Here are four strong new anthologies that try to bear witness to the dangerous and absurd world of the 21st century.

A Fish Rots from the Head: A Poetic and Political Wake (Culture Matters, FREE e-book) is a flash-anthology addressing the “lawless folly” of partygate. Edited by Rip Bulkeley, these poems were written as the Downing Street comic opera began to unfold.

It’s a fantastic collection of squibs, satires, parodies and limericks, ridiculing the bunch of knaves and fools who lead this poisonous Tory government. There are some terrific poems here – notably by Jim Aitken, Owen Gallagher, Christopher Norris, Alan Morrison, Mike Jenkins, Antony Owen, Steve Pottinger, Mark Ashworth, Martin Zarrop, Janine Booth and Rachel Davies.

And it is worth getting hold of this e-book just for Deborah Cox’s A Press Conference with Boris Johnson, Martin Rowson’s How Do You Solve a Problem like Boris? and Caroline Jackson-Houlston’s clever An Old Song Resung:
“This proverb is still true today: the weak go to the wall. / Rich men can booze the night away, but the poor man pays for all.”

Swirl of Words/Swirl of Worlds (PEER/Shoreditch Library, £20) is a wonderful bilingual collection of poems written in all the languages currently spoken in Hackney — 3,000 copies of the book are being given away free to users of Hackney libraries.

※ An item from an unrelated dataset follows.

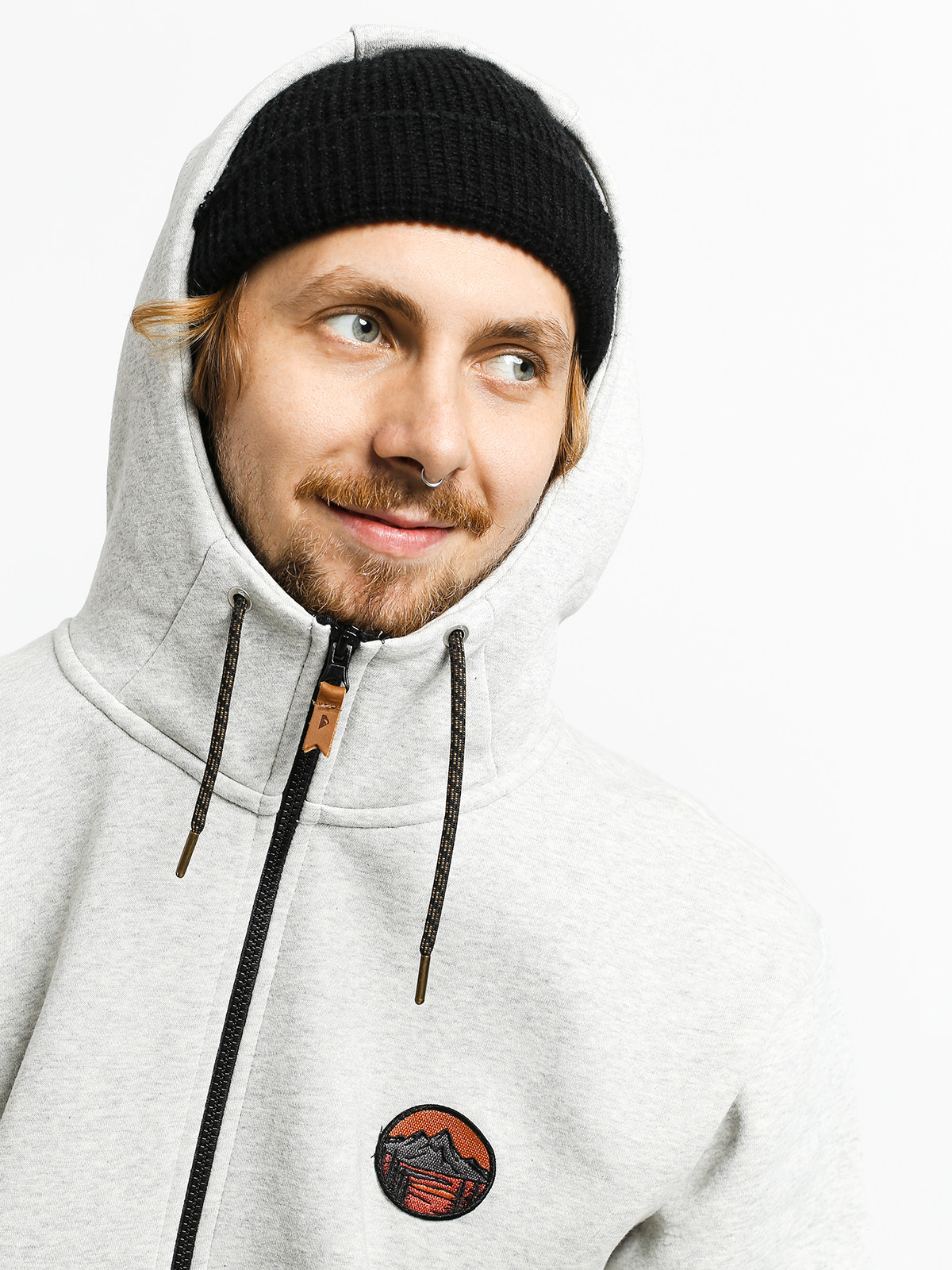 Pánská Mikina s kapucí Quiksilver Big Logo Snow ZHD (light grey heather)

The poems have been “gathered” by poet and translator Stephen Watts in order to celebrate the varieties and continuities between different poetic traditions from around the world.

Poetry and translation, he argues, are inherently “acts of potential subversion.” “Poets are not unacknowledged legislators and have no need to be, or to try to be. Poetry, rather, is the world: something most politicians have no semblance of knowing.”

There are poems here translated from 94 different languages – from Afrikaans and Bambara to Yoruba and istZulu. Because it is a bilingual anthology, it contains some spectacularly beautiful scripts like Telegu, Georgian, Lao, Pashto, Dari, Tamil, Kashmiri and Sinhalese.

A few of these poems are by very famous poets (Apollinaire, Ritsos, Mayakovsky, Lorca, Hikmet). But some of the most effective are by poets not previously published in Britain, like Azem Shkrerli’s Departure of the Migrants, Kayo-Lampe’s Europe, Zeyar Lynn’s My History is Not Mine and the wonderful Greetings to the Peoples of Europe by the Amharic poet Slenu Tebeje: “braving seas and leaky boats, / cold waves of fear – let salt winds punch / our faces and your coast-guards / pluck us from the water like oily birds! / but here we are at last to knock / at your front door, / hoping against hope you remember / all the lovely words your fathers preached to ours.”

Finally, two big anthologies edited by Ambrose Musiyiwa. Black Lives Matter: Poems for a New World (Civic Leicester, £9.48) consists of 107 poems by 95 writers from all over the world. As with any big anthology, it is a bit uneven at times, but there are some terrific poems by Jenny Mitchell, Sandra A Agard, Jem Henderson, Mellow Baku and Musiyiwa himself. Arun Jeetoo describes racism in the UK as “a leopard concealing / itself in the tall grass / disguised / as ignorance.” Meanwhile Selina Nwulu locates the source of the problem in “Till all that’s left is white paper”:
“I found my body parts at the / bottom of an editor’s bin... a slow smother / an obsessive throttle / a constant murder.”

Poetry and Settled Status for All (Civic Leicester, £9.78) consists of 114 poems by 97 writers from around the world. Introduced by Claudia Webbe, the MP (until recently, the Labour MP) for Leicester East, the book is a call for Settled Status or Indefinite Leave to Remain to be given to those with insecure or undocumented immigration status. Those who, as Diliana Stoyanova points out, are here already: “The rootless, the tongue-less, the restless, / The helpless, the aimless, the reckless, / The outcast, the voiceless, the faithless, / The exiled, the faceless, the state-less, / The immigrants, / The differents.”

The most memorable poems here – notably by Laura Grevel, Rob Lowe, Alice Herve and Etzali Hernandez – try to address the inhumane attitudes that make us fear those who we don’t know, and the inhuman system that is quick to demonise those we don’t understand. As Loraine Masiya Mpolela asks: “What does it take / For me to qualify as a good immigrant? / Good at what? / Am I not good enough as I am?”